The Cornell Review reported two weeks ago on the Students for Justice in Palestine’s display of 50 signs on the Arts Quad communicating the usual anti-Israel talking points. Last week the Cornell Daily Sun reported that on the last day of the display’s run–Friday, Oct. 31–a number of the displays had been tampered with, vandalized, and some destroyed.
According to the Sun article, there were actually two instances of tampering, the first of which resulted from a misunderstanding over whether the display was permissible. SJP had university sanctioning to keep the posters up on the quad from Wednesday morning through Friday evening, so the display was allowed. However, it still unknown who returned Thursday night and/or Friday early morning to dislodge and disperse most of the display.
The Sun’s investigative work was thorough, and I thank them for impartially gathering and reporting the facts, along with opinionated quotes from both pro-Palestinian and pro-Israeli students. But the praise ends here.

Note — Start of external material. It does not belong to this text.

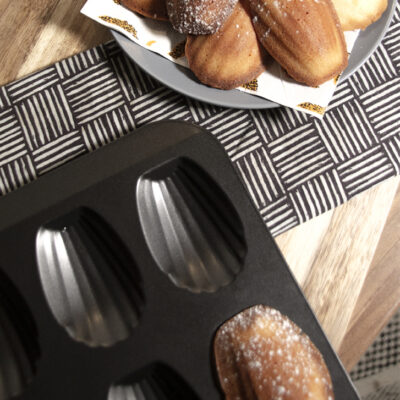 Krumble Madeleine bakvorm voor 12 stuks – Zwart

On Nov. 10, the Sun ran its staff editorial, entitled “Restricting and Preserving Free on Speech on Campus,” about this situation. In it, the editors strongly and rightfully condemn the display’s vandals: “We at The Sun condemn the destruction of the display, and urge respect for ideas within the University community that are unpopular and contentious.” (Note: Emphasis is mine. See below.)
Once again, good move on the part of the Sun. However, do readers recall the deafening silence of the Sun when it failed to defend one of its own, conservative columnist Julius Kairey, when he was subjected to a smear campaign in the form of anonymously distributed flyers on campus earlier this semester? The Sun produced a staff editorial that made a paltry, oblique reference to the situation and failed to use the word “condemn.” Anyone who had not read a Review article about the entire situation would have no idea why the Sun ran that pithy editorial.

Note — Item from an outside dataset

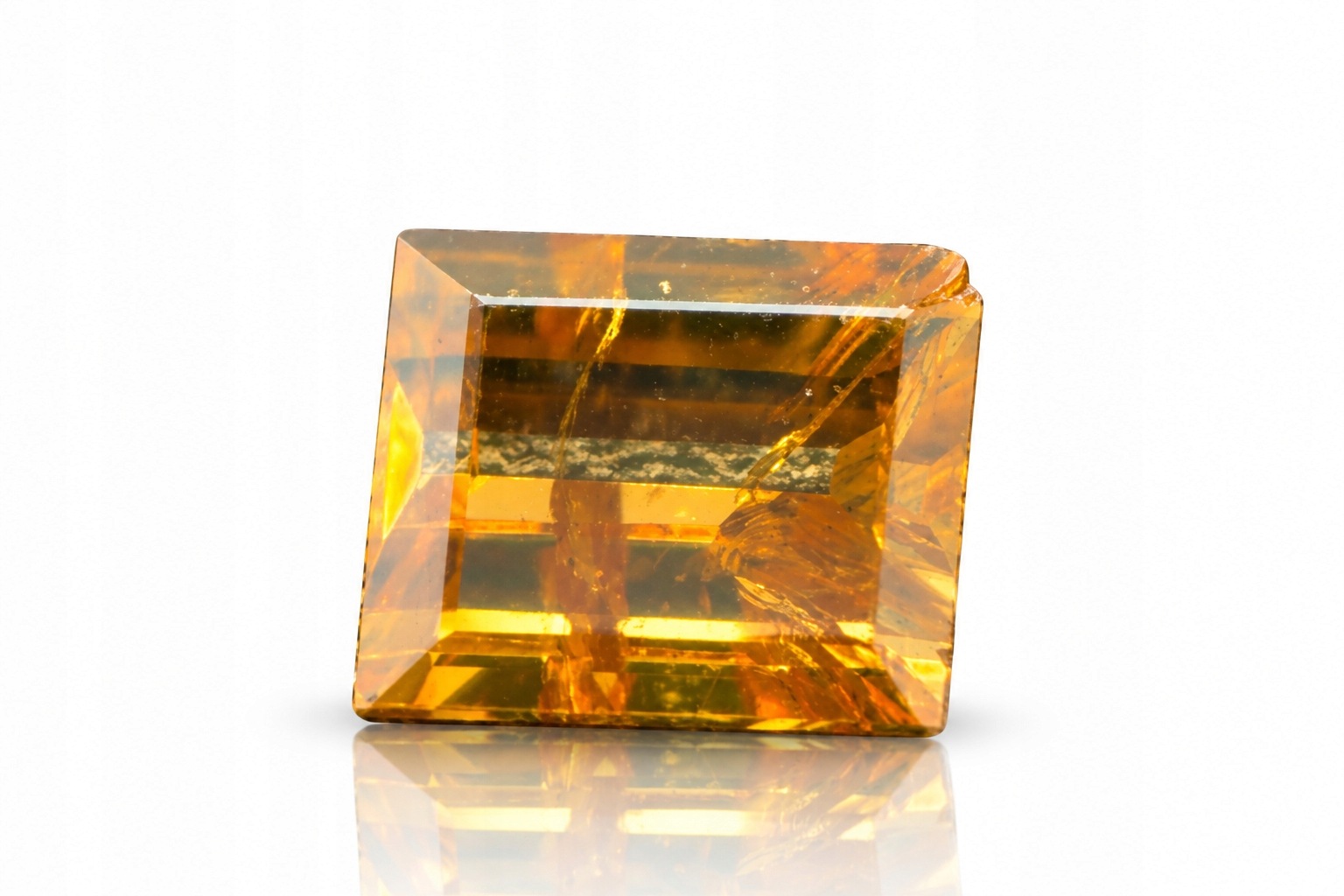 Přírodní diamant 0.03 ct Oranžová bageta certifikát Wbd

Clearly, the Sun is exclusively interested in defending the free speech rights of select groups and individuals on campus, and only when it knows the general readership will join with its stance. Standing up for everyone—including those you personally disagree with but have a moral duty to defend—is simply too much for the Sun editors to risk or to swallow.

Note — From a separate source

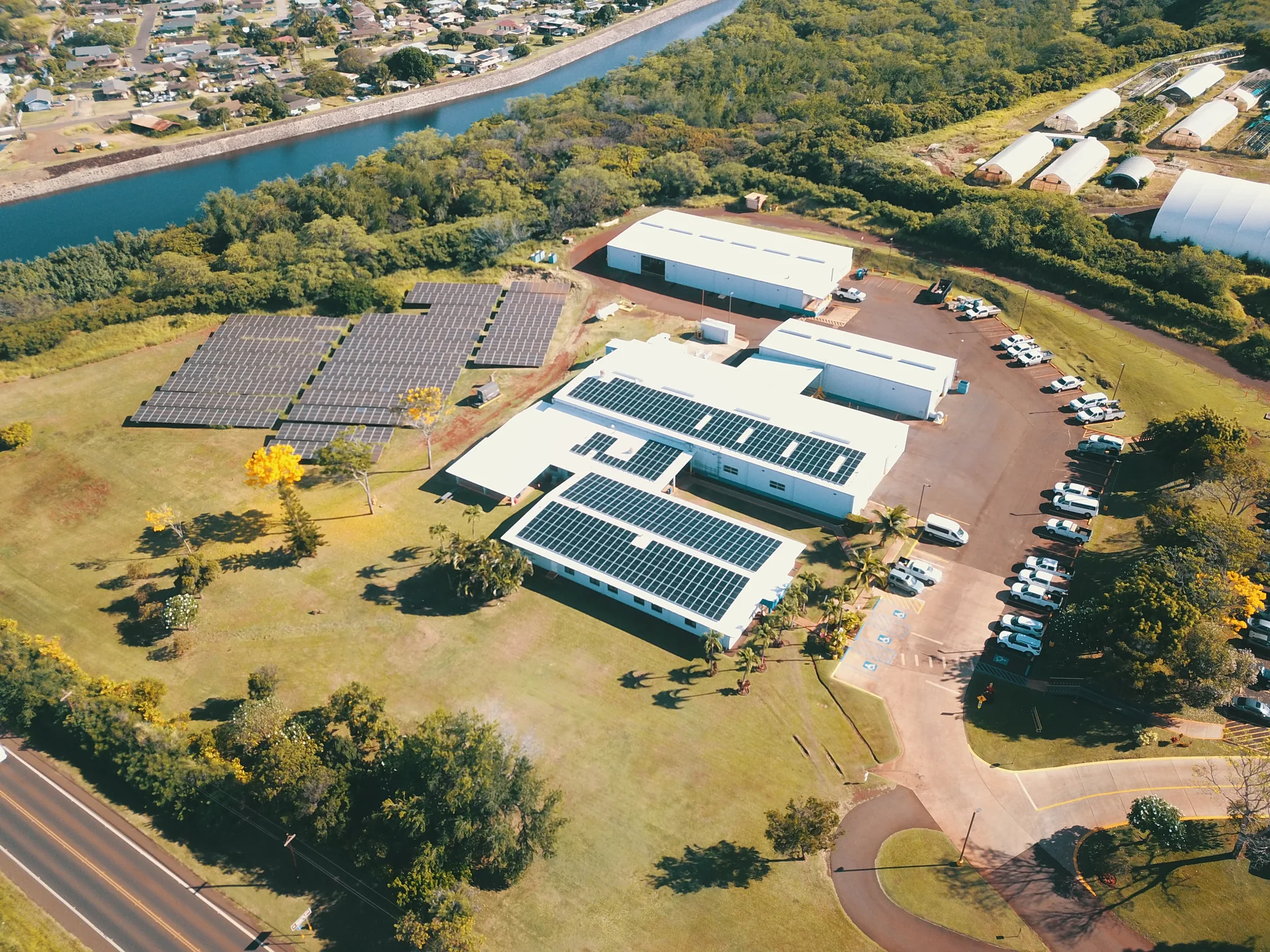 Roof and ground solar with battery microgrid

As with the Daily Sun, I am also no fan of SJP at Cornell or anywhere else.
The organization’s members purport to stand for the Palestinian people, but all they really do is hold sparsely-attended rallies that amount to little more than Two Minutes of Hate aimed at Israel and Jews. At these rallies, they often defend Hamas, a terrorist organization whose sole purpose is to eradicate Israel and the Jewish people. They vainly try to draw similarities between bona fide strife faced by those living within Palestinian territories with their own so-called tortured existences here on the Hill. One day last year they took over the Student Assembly in an act of political theater so bizarre and pointless it was like something out of a Samuel Beckett play.
Worse, at New York University earlier this year, SJP students slipped fake “eviction notices” to Jewish students living in dorm rooms. In August, Temple University SJP-ers assaulted a pro-Israel Jewish student.
Despite all of this, I subscribe to the wisdom of Voltaire: “I may not agree with what you have to say, but I’ll defend to the death your right to say it.” (Caveat: except when you go from speech to assaulting people, in which case you should be criminally prosecuted.)
The students who vandalized the SJP display, if caught, deserve swift and exacting punishment. Free speech is one of the fundamental cornerstones of American free society, and no matter who is the perpetrator and who is the victim, justice should be blind and justice should be dealt.